◆ **Short descriptive text snippets**:
==============================

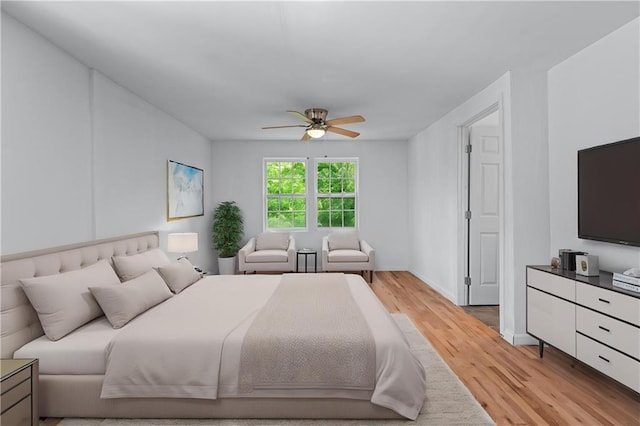 bedroom with a ceiling fan and light wood finished floors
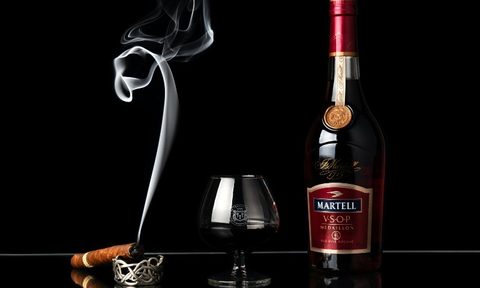 A cognac glass and bottle with a lit cigar.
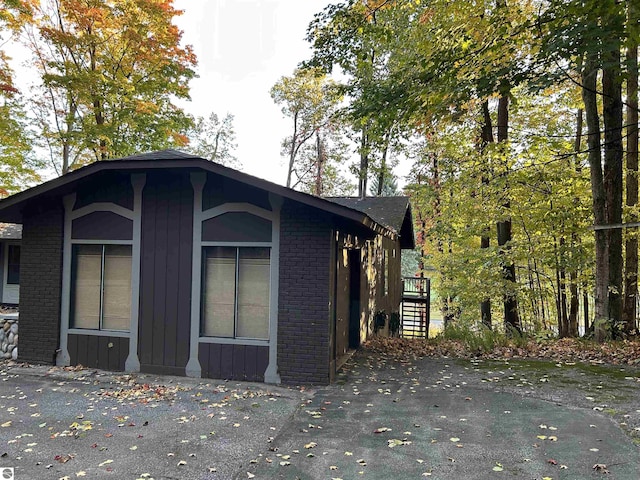 5417 Golfview Rd, Bellaire, MI 49615 - view of side of home with brick siding
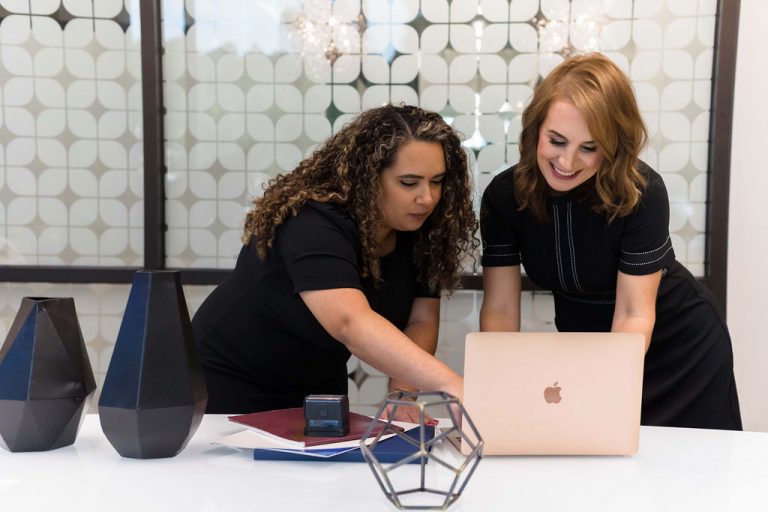 two people working in office looking at computer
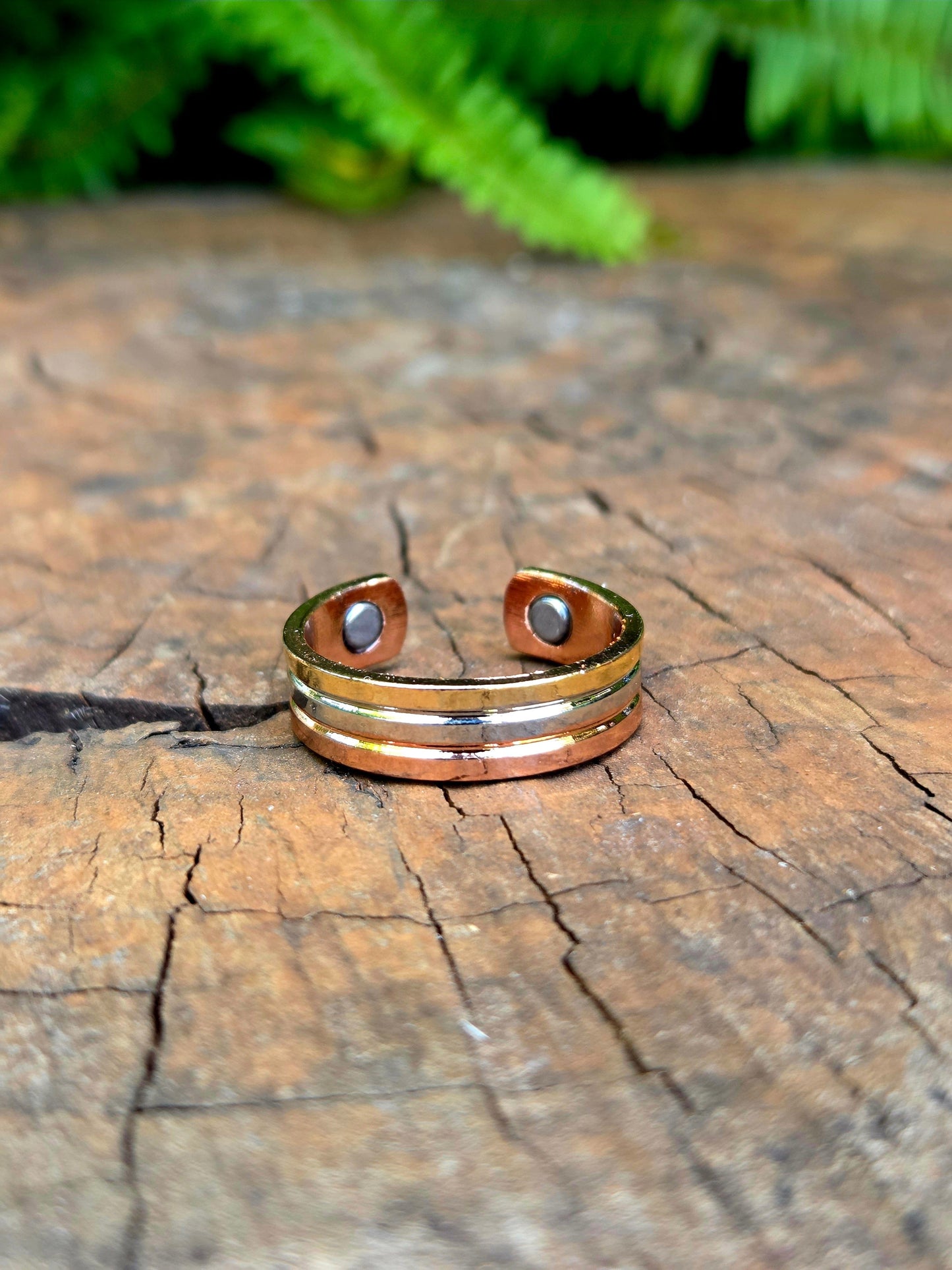 Copper ring on a wooden surface with ferns in the background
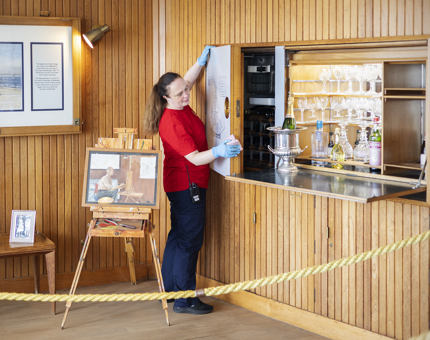 In the Sun Lounge, a Housekeeper is wiping down a wood panelled drinks cabinet. 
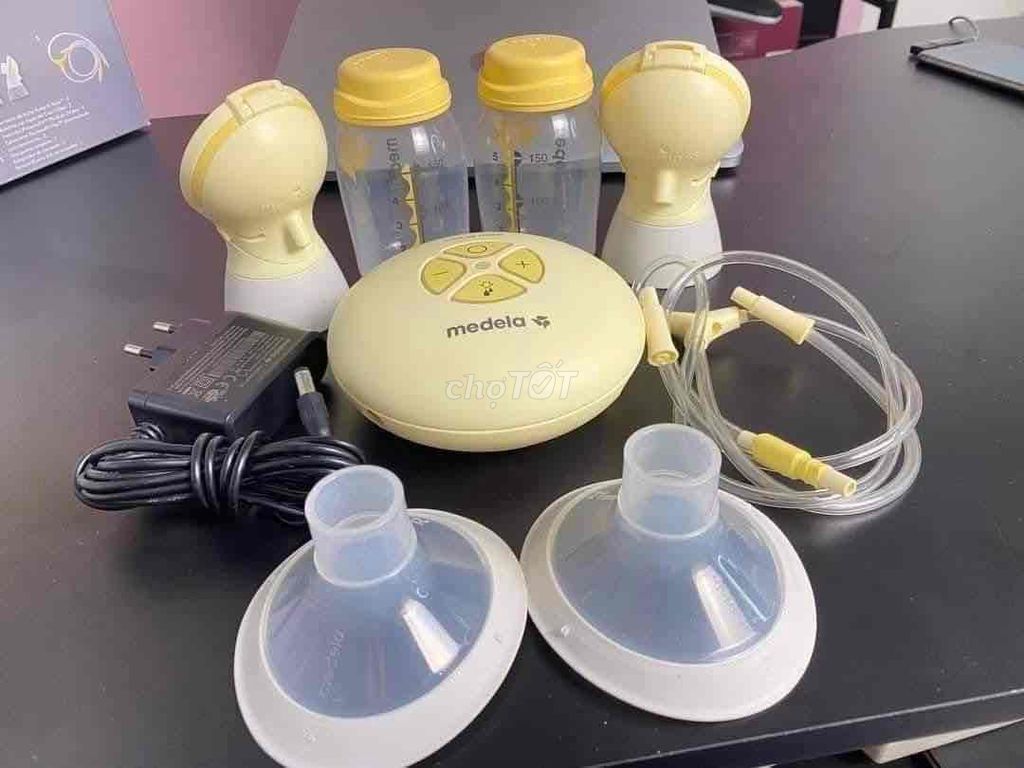 Молокоотсос Medela Swing Maxi Flex желтый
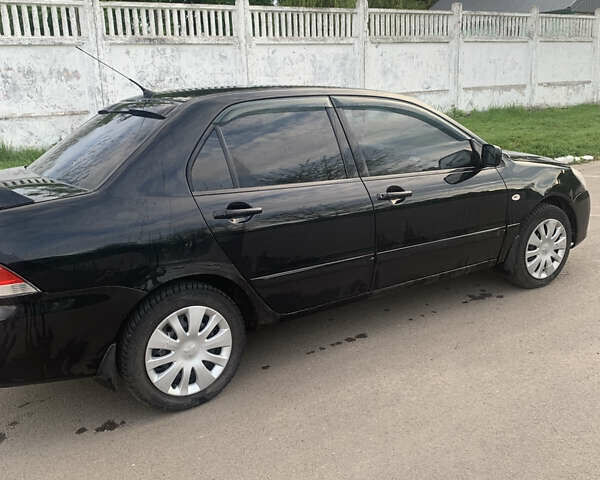 Черный Мицубиси Лансер, объемом двигателя 1.5 л и пробегом 248 тыс. км за 3200 $, фото 6 на Automoto.ua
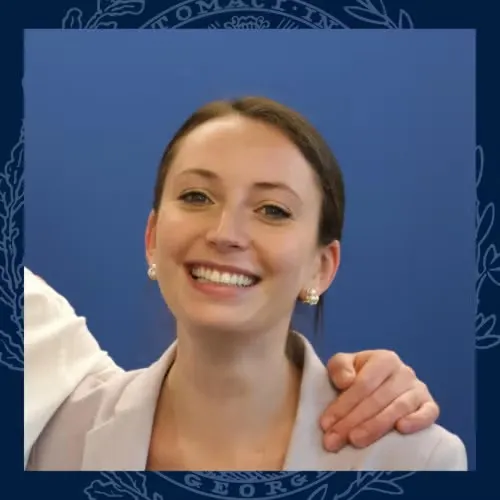 Headshot of Vanessa Jarnes in gray blazer with hair pulled back.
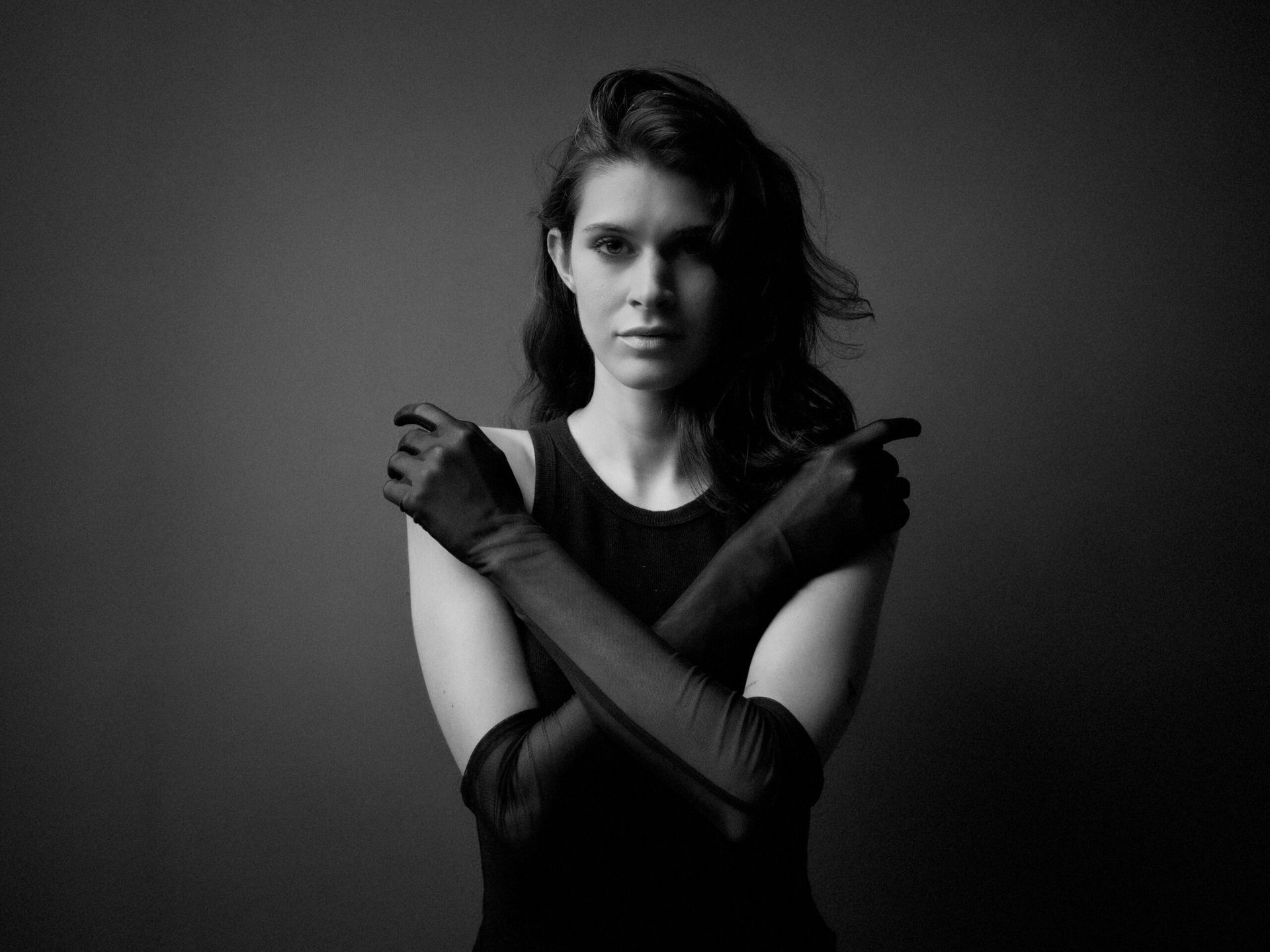 Une femme en robe noire et gants croise les bras devant un fond sombre, le regard droit devant elle.
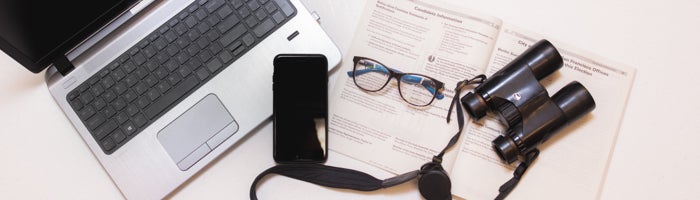 Laptop, mobile phone, binoculars and glasses, and Voter Information Pamphlet displayed on a desk 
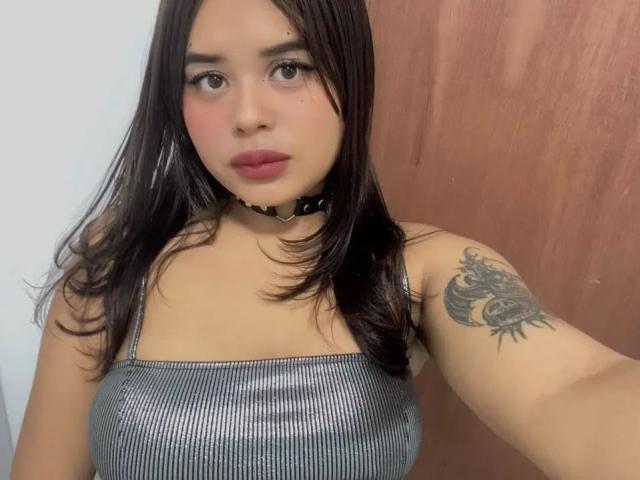 ChiaraBella with dark brown hair, wearing a silver ribbed tank top, black choker, and pink lipstick, showing a dragon tattoo on her right arm. Her tits are small.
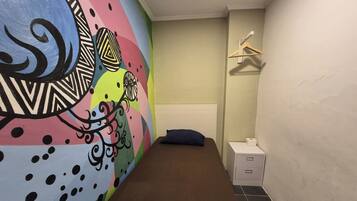 Una stanza piccola e luminosa, con un letto, una panca, un muro decorato con un murale colorato, un tavolino con una scatola e un appendiabiti.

==============================

◆ **PROBLEM**: Return only the lines running from the top of the data to the line that holds "Copper ring on". Include both of those lines, but skip the pictures.

◆ **OUTPUT**:
 bedroom with a ceiling fan and light wood finished floors
 A cognac glass and bottle with a lit cigar.
 5417 Golfview Rd, Bellaire, MI 49615 - view of side of home with brick siding
 two people working in office looking at computer
 Copper ring on a wooden surface with ferns in the background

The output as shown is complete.